From the 1930’s through the early 1980’s Paradise Glacier’s ice caves were world famous. Today they are gone. In 1906 Paradise Glacier was a single glacier that extended down to an elevation of 6000-6200 feet. The image below is from the book The Mountain that was God. In the 1930’s the glacier separated into an upper and a lower part. The caves were in the lower part, that filled a relatively flat valley at an elevation of 6500 feet. Ice caves cannot form beneath a glacier that is moving substantially, as the movement would close up the cavities. Ice caves form under stagnant, melting sections of the glacier. The 1971 USGS map, see below, indicated the lower Paradise Glacier was 1.1 km long and had an area of .14 square kilometers. By 1981 the glacier had retreated to the upper half of the valley that had been filled with ice caves, second image below. In the 1981 image, from Jim Kuresman, note the mountain peak in the center that is in the 1906 image as well. There is no remaining snowcover either on the lower glacier, a glacier cannot survive without an accumulation zone that has significant persistent snowcover even at summers end.

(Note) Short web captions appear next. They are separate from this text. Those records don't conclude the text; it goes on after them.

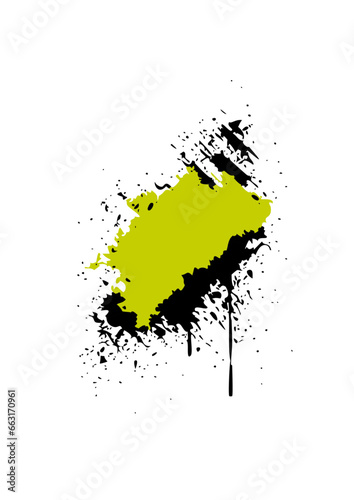 Color ink drawing abstract dirty blot. Artistic design place for your text, quote, information, company name.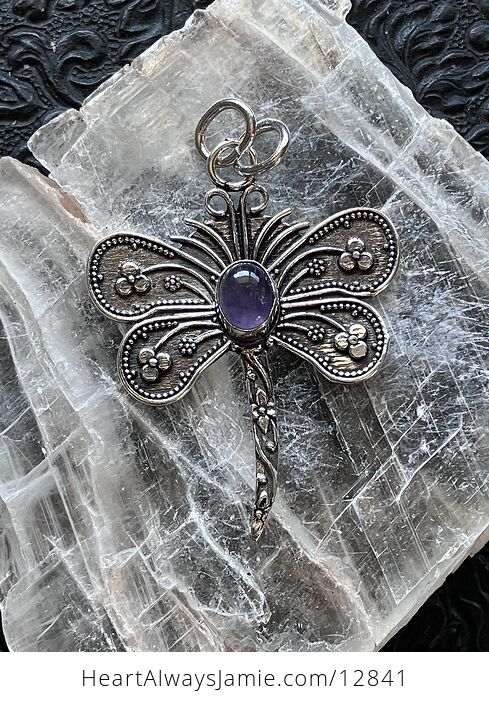 Amethyst Dragonfly Stone Jewelry Crystal Pendant - #KPUFo2wGJ3M-1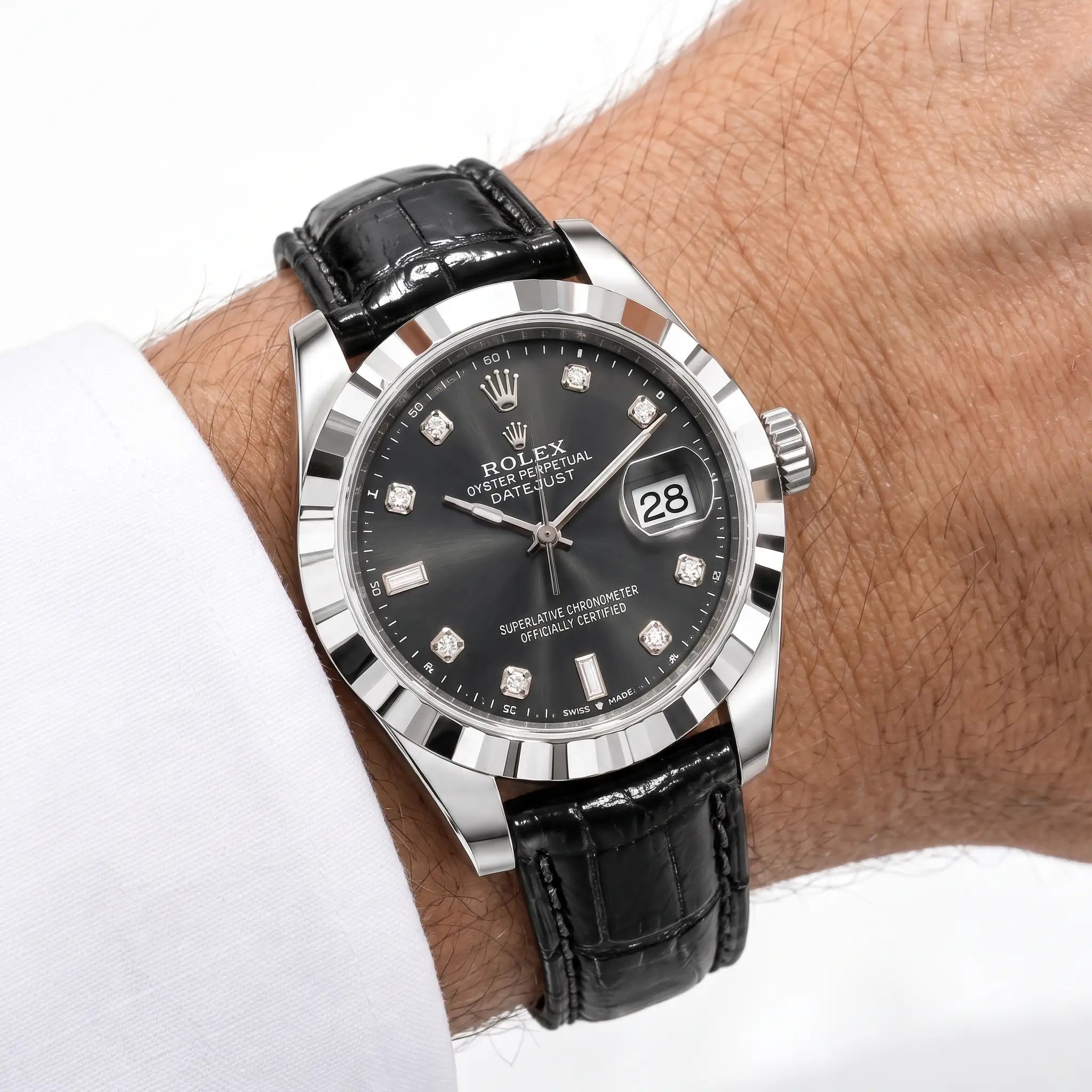 Rlx Datejust Black Dial Strap Watch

In 1985 I visited the ice caves, and they were still impressive, although much reduced in size, number and length. i returned to the ice caves in 1993 and found no ice caves remaining and no glacier either. The Paradise Ice Caves valley in 2005 (Greg Louie) and 2007 (David Head image) is beginning to sprout some vegetation where hikers tread through ice caves a generation before. The glacier fits the regional pattern of glacier retreat and loss. You can observe in the upper left of the 2005 and 2007 images that the upper Paradise Glacier still exists, though it is retreating, the last picture is the terminus of the upper Paradise Glacier. In 2009 the upper Paradise Glacier lost all of its snowcover, not a good sign for its long term survival. Below is the Google Earth view of the area from 2009 imagery. A comparison with the map indicates that not only has the lower Paradise Glacier been lost, but so has the Williwakas Glacier.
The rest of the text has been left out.